I truly believe in an author's right to be as creative as possible. Alternate worlds, species and hell, throw in genders if you want. But when I'm reading a book where the character says, for example, "Oh my gawd. He's so hawt," I can't help but cringe. Done once or twice I might let it go, but when the character says it every other line, I have to work hard not just to close the book, but to not throw the damned book/ereader across the room.

A bestselling book caught my eye at the store a few months ago. I'd been curious about reading it. The setting is cool, it's a kind of urban fantasy meets wizard world with a feisty heroine. Problem is, she's talks like she's stuck in a bad film noir set. Gangster lingo that drives me nuts. All I could see was James Cagney in a skirt. Not a pretty sight.

Hell, I had a hard enough time with one of the first historicals I read many years ago, where the author spelled out dialogue like " 'e's comin, miss. Whar can I put the bags, in 'ere?" Not sure if that was supposed to be cockney or what, but I had a headache by the end of the page. Now I realize the author was trying to go for authenticity, but since I live in the now, in America, it was awfully hard to understand, let alone follow what the heck was going on in the plot.

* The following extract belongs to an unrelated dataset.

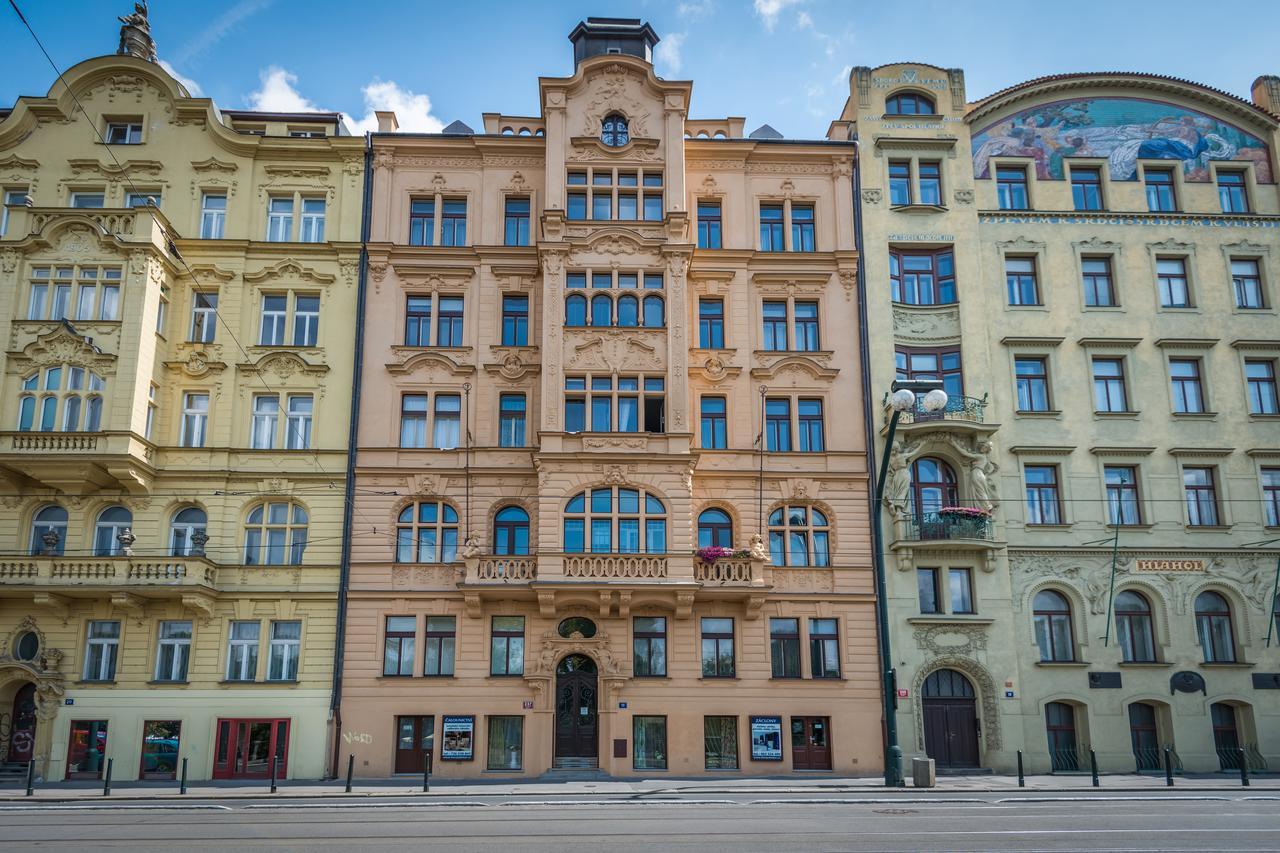 Riverside Apartment With A Balcony Prag Eksteriør billede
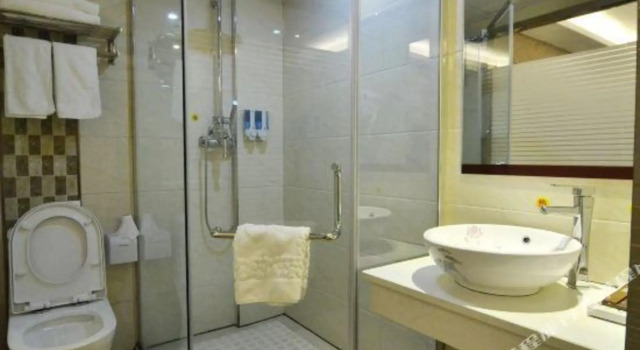 Jin Ting Hotel, Prenota Hotel Hotel a Yiwu con parcheggio, Parcheggio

In my opinion, quirky is good, if not overdone. A character's oddities can be shown through action and yes, a bit of odd dialogue or slang, but too much can never be a good thing. Even in regular speak, when conversing with real people, I wonder about those I'm talking to that call me "babe" or "doll" or "honey." I'm just not used to talking to women like that in real life. Even my husband doesn't call me baby, though that I wouldn't mind so much.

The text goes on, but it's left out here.